Obwohl das Spiel weder nach Würfeln noch einem Einsatz verlangt, ist Schach in Afghanistan zum wiederholten Male von den Taliban verboten worden. Es gebe religiöse Bedenken in Bezug auf den Denksport, heißt es aus der afghanischen Sportdirektion. Weil man auf den Spielausgang wetten kann, sieht die Tugendpolizei im Brettspiel ein Glücksspiel – verboten nach dem Koran. Dabei waren es doch die islamischen Eroberer, die das aus Indien stammende Spiel von Persien einst über die arabische Welt bis nach Europa brachten.
Das 1500 Jahre alte Brettspiel setzt Kräfte frei, die so schnell nicht wieder eingefangen werden können. Das weiß man nicht erst, seit es Queen's Gambit auf Netflix zu sehen gibt – eine Serie, die zeigt, welche Obsession es braucht, um es in diesem Denksport zur Größe zu schaffen. Auch dürften die Taliban von der Partie zwischen „Deep Blue“ und Garri Kasparow 1997 nichts gehalten haben, war es doch ein seelen- und gottloser Computer, der die Grenze zur Allmächtigkeit mit seinem Sieg über den Weltmeister aufzubrechen schien.

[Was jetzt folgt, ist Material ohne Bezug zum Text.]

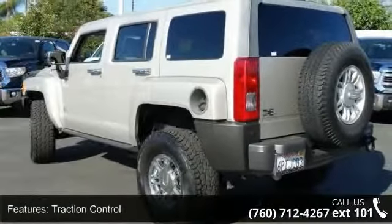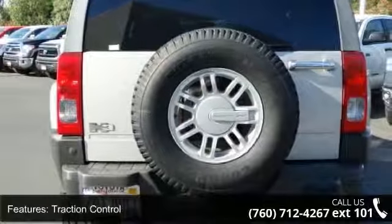A test drive is waiting for you. Call now to schedule an appointment at our dealership.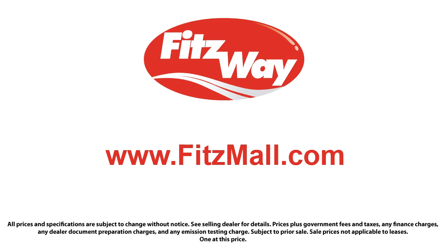The Fitzway puts the customer first with honesty, respect, and a total commitment to customer satisfaction. That's the Fitzway.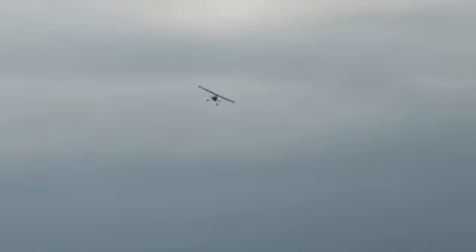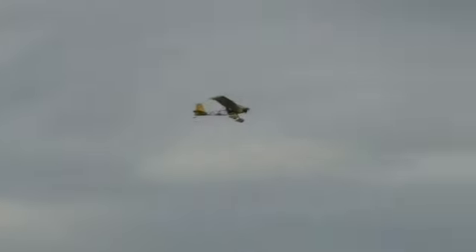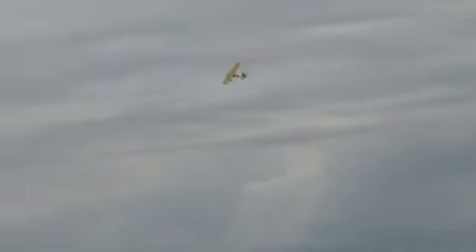Placement — how well that maneuver was placed in front of the judges so they could see the whole thing. And the third criteria is realism — how well did the pilot replicate the flight characteristics of the full-scale aircraft.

Oder liegt das Problem der Fundamentalislamisten in dieser einen Figur, die sich ungehindert in alle Himmelsrichtungen über das Feld bewegen kann? Sie ist ausgerechnet eine Frau, die Dame. Im Englischen gar Queen, also Königin, genannt. Auf dem Schachbrett hat sie die meisten Freiheiten und damit wohl den größten strategischen Wert, weil sie anders als andere Spielfiguren sowohl vorwärts und rückwärts und diagonal über das Spielfeld ziehen kann.
In arabischen Ländern ist die Dame ein „Wazir“
Das war nicht immer so. Schach musste etwa 500 Jahre ohne diese Figur auskommen, sie waren zunächst männlich oder geschlechtslos. In vielen arabischen Ländern wird der persischen Tradition folgend immer noch mit einem „Wazir“, dem königlichen Berater, gespielt. Doch spätestens dann, wenn man an den Wettbewerben des Weltschachverbands teilnehmen will, hat man zu akzeptieren, dass das Feld neben dem König für eine Frau reserviert ist. Das war bis vor Kurzem auch in Afghanistan der Fall.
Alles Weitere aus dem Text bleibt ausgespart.